*** Begin section ***
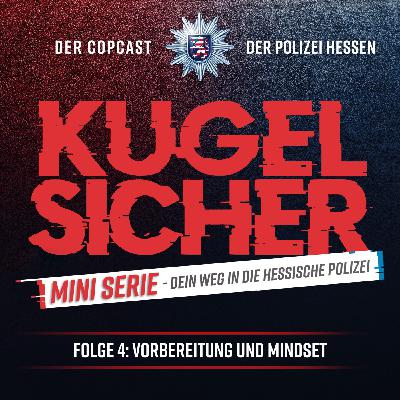 Folge #62 - Dein Weg in die Hessische Polizei – Folge 4: Vorbereitung und Mindset
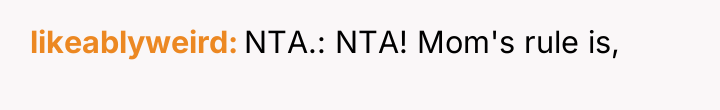 likeablyweird NTA.: NTA! Mom's rule is,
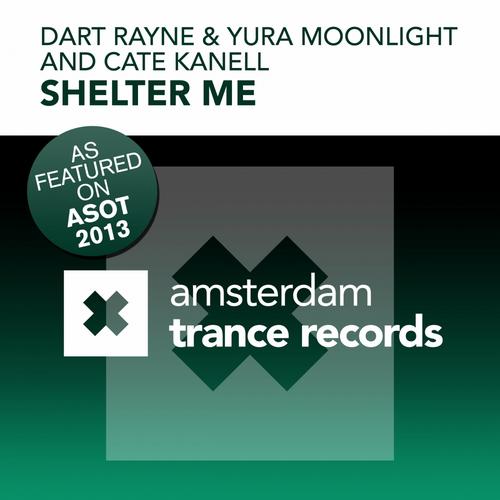 Dart Rayne, Yura Moonlight, Cate Kanell - Shelter Me (Extended Mix)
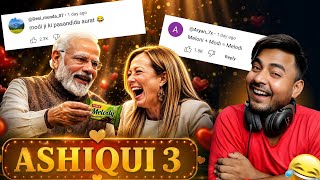 Modi Ji Ne Meloni Ko Melody Gift Ki 😂 | Ashiqui 3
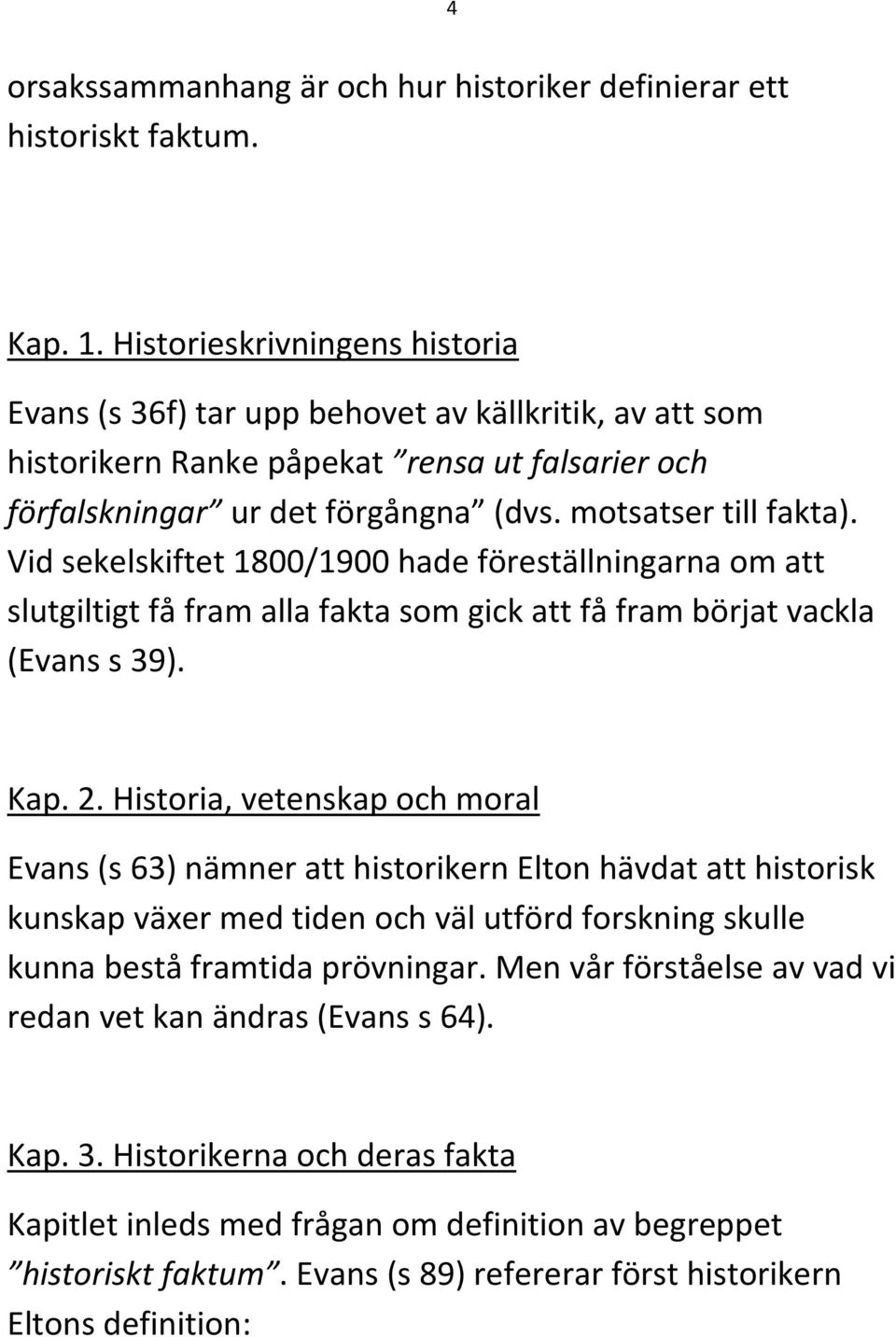 Vid sekelskiftet 1800/1900 hade föreställningarna om att slutgiltigt få fram alla fakta som gick att få fram börjat vackla (Evans s 39). Kap. 2.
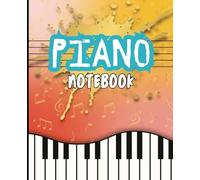 Bright and Fun Piano Notebook for Writing Assignments, Taking Notes, Keeping Track of Lessons: 100 Wide Ruled Pages for Students, Teachers, Teens, Boys, Girls, Musicians, Musical Gift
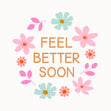 Feel Better Soon Flower Garland White Card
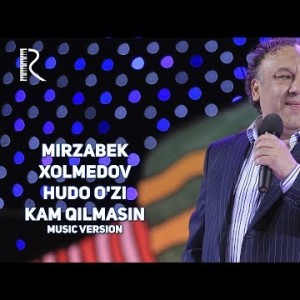 Mirzabek Xolmedov - Xudo Oʼzi Kam Qilmasin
*** End section ***
EXERCISE DIRECTIONS: What is needed is an exact reproduction of the data, pictures excluded.

ANSWER SPACE:
 Folge #62 - Dein Weg in die Hessische Polizei – Folge 4: Vorbereitung und Mindset
 likeablyweird NTA.: NTA! Mom's rule is,
 Dart Rayne, Yura Moonlight, Cate Kanell - Shelter Me (Extended Mix)
 Modi Ji Ne Meloni Ko Melody Gift Ki 😂 | Ashiqui 3
 Vid sekelskiftet 1800/1900 hade föreställningarna om att slutgiltigt få fram alla fakta som gick att få fram börjat vackla (Evans s 39). Kap. 2.
 Bright and Fun Piano Notebook for Writing Assignments, Taking Notes, Keeping Track of Lessons: 100 Wide Ruled Pages for Students, Teachers, Teens, Boys, Girls, Musicians, Musical Gift
 Feel Better Soon Flower Garland White Card
 Mirzabek Xolmedov - Xudo Oʼzi Kam Qilmasin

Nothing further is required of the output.